Keywords: color, shape, repetition,

Story quilts

Grade: 1st Grade

Month: February

Activity: Class Sunflower Quilt
What is a Story Quilt? Quilts and other cloth-based narrative art are part of many cultures. Harriet Powers, born a slave in 1837, is credited with the beginning of story quilt-making in America. Made by hand -- often collaboratively -- using familiar materials such as scraps of clothing, quilts are both personal and communal objects. Quilting continues to be largely a home-based form of women's artistic expression. Quilts can be works of art as well as stories through pictures. They also tell a story about their creators and about the historical and cultural context of their creation (quilting bees, historical and personal events) through the choices made in design, material, and content. Quilts were part of Faith Ringgold’s family tradition.
Meet the Artist:

  • Faith Ringgold was born in Harlem, N.Y. in 1930. She grew up during the time of the Great Depression. As a child she had asthma so she didn’t go to school until 2nd grade.

  • Her mother taught her at home and took her to museums. She gave Faith paper & crayons to draw and bits of cloth, needle and thread to make little things. Her mother taught her to sew.

  • While she was at college, Faith had a professor who didn’t like her drawings and told her that he didn’t think that she would be an artist.

  • Faith Ringgold began her artistic career more than 35 years ago as a painter. Today, she is best known for her painted story quilts – art that combines painting, quilted fabric and storytelling. When she started out, there were hardly any galleries that would show the work of black women.

  • She has exhibited all over the world and has permanent collections in many museums in New York City. She has also written and illustrated over a dozen children’s books. She has received more than 75 awards for painting and writing.

  • Faith is married with two children, three grandchildren and is a professor of art at the University of California, San Diego.

Possible Questions:

  • What type of things do you see in this painting?

  • Does this painting tell a story? Yes, the artist was paying a tribute to Vincent Van Gogh who was passionate about studying and painting sunflowers.

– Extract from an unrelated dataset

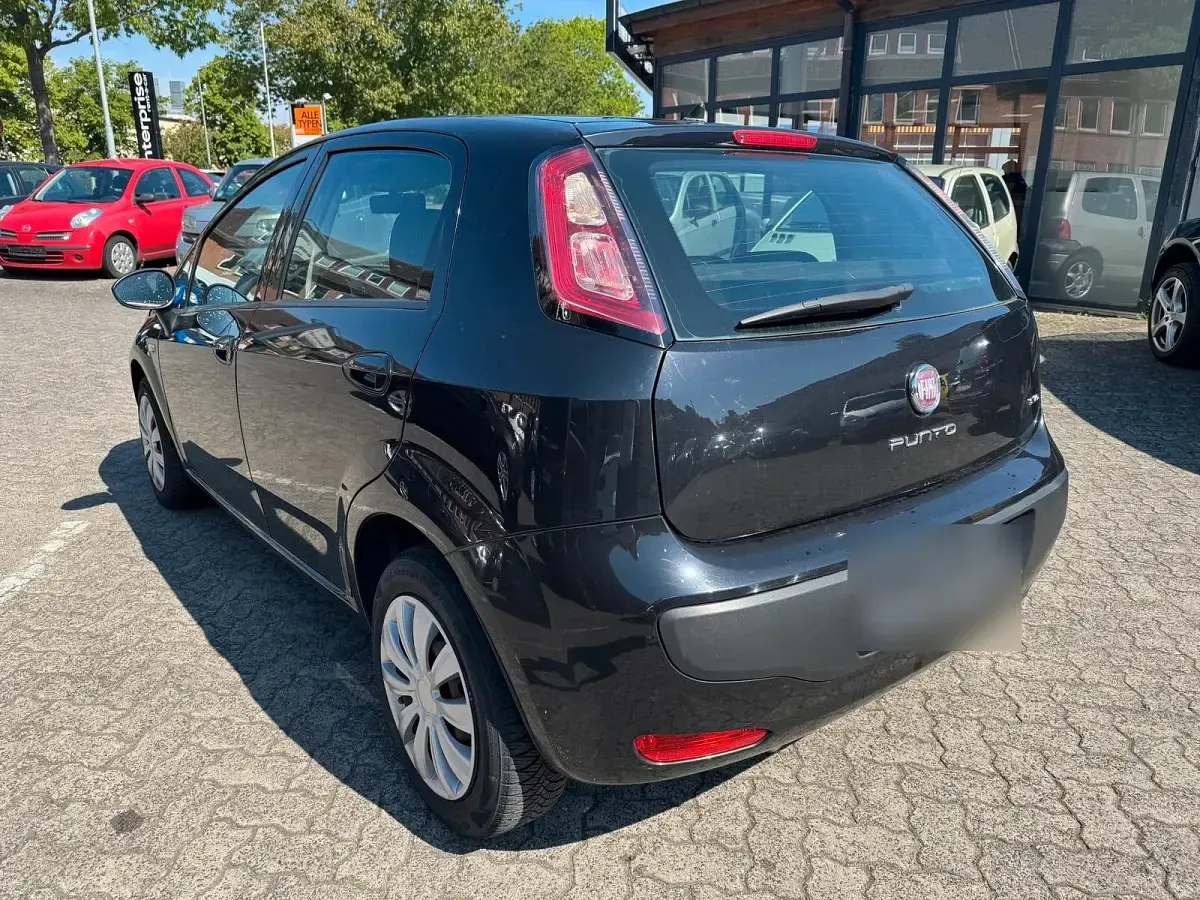 Gebraucht Fiat Punto 77 PS (56 kW) 2010 Schwarz Kleinwagen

  • Who is in the painting? Prominent 19th and 20th century African American women (including Harriet Powers) who have set up their quilting bee in the country of the famous artist Vincent Van Gogh.

  • Where is Arles? (France)

  • How would you describe the lines, the shapes, the colors? Is there repetition?

  • Do you like it?

  • What would you title this artwork?

  • Does it make you want to learn how to quilt?

  • What is worth remembering about this painting?

Activity: Paper Story Quilt

Explain Activity: Students will choose a favorite memory of their own as the subject of their "quilt"; they will draw that image from their imagination and “piece” colored and decorated paper scraps around the edges.

Materials Needed: “Tar Beach” book by Faith Ringgold (optional); 10"x10" bristol board, strips of colored paper and wallpaper scraps, colored markers, glue, scissors.
Note to THE Art Guide: You will need to cut the colored paper and wallpaper scraps into various sized squares that are not larger than 2” or strips. You can use the cutting board in the workroom.


  1. Place in the center of each workstation, the squares of colored paper and wallpaper scraps and glue. Give each student a piece of the Bristol board and have them sign their name on the back of the board.

  2. Have the students use the squares or strips to create a 2” border around the outside of their board. Glue in place.

  3. Next, ask the students to close their eyes and imagine their favorite dream, memory, event or family tradition and take a snapshot of that scene. Have them think of all the details pertaining to that scene…i.e. other people, animals, the environment, the colors, the shapes, time of day.

  4. Have them draw a picture of that scene in the center of the board using the markers, just like Faith Ringgold did with her quilts. The students may use any paper scraps to cut shapes for their story.

  5. Finally, if time allows, have the students share their stories with the class.